Gettier showed that JTB is not sufficient for knowledge yes, but in turn Getter showed that some JTB is knowledge, correct? Certainly not all.

Now you state an attitude of certainty is not what makes belief a component of knowledge, well then I ask, what does? I agree that a proposition that we think is true can be a belief unless it can be justified as knowledge. The standard of justification however - I have yet to lay out. But nor did Plato really. There are justifications in rationalism, empiricism, but they don’t encompass knowledge in general. The encompasses how to know specific things, not everything that is knowable.

I would think my standards do fit in the field of epistemology - except for those standards take into account JTB and as such knoweldge as a belief. I understand the knowledge not always being true seems to be a belief - however it does come down to what the word knowledge means then in that case. Is it knowledge is “familiarity, awareness or understanding of someone or something, such as facts, information, descriptions, or skills, which is acquired through experience or education by perceiving, discovering, or learning.” or is it knowledge that is “familiarity, awareness or understanding of someone or something, such as facts, information, descriptions, or skills, which is acquired through experience or education by perceiving, discovering, or learning that are true”.

Not the qualifier of true being the only difference, in which I added on my own, not from any source of what the definition of knowledge is.
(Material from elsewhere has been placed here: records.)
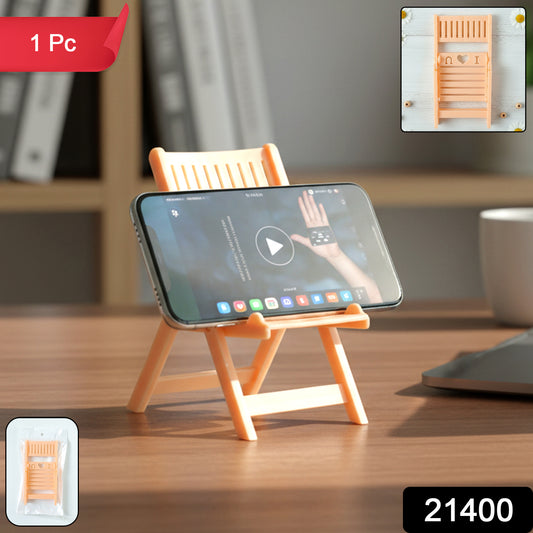 Peach-colored mini chair-shaped mobile stand holder by Wukusy, designed to hold smartphones securely.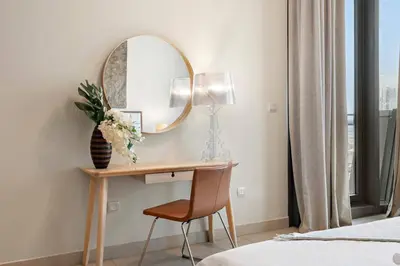 a bedroom with a desk with a mirror and a chair at FIRST CLASS 1BR Burj Khalifa & Fountain Views in Dubai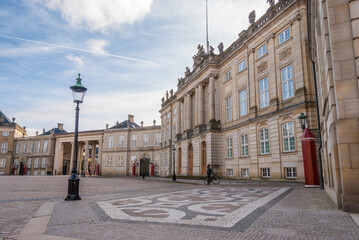 Fototapeta na wymiar Amalienborg Palace, the residence of the Danish royal family, in the center of Copenhagen, Denmark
Being that it may be, justification based on reason, logic, understanding means a state of knowing is not a state of believing - it is a different state of mind. They are subtly different, but also very meaningfully different. That is my contention and I see no reason why it couldn’t be so aside from subjectively grouping knowledge as also a belief and missing out on this subtle difference in attitude of knowledge in our state of mind that is brought about by justification through reason, logic and understanding. Belief is not a calm state of mind, knowing is. There are differences that I contend qualify knowledge to be seen not as belief in any way shape or form, as alluded to earlier. This difference in belief and knowledge, I contend, doesn’t matter if knowledge is true or not. It is not the same state of mind~

Interesting, so relevant to what?

Very good then - so there is no real basis you claim other than a subjective definition?

I contend my framework is superior in that it notes a difference that leads to a more coherent state of mind for all.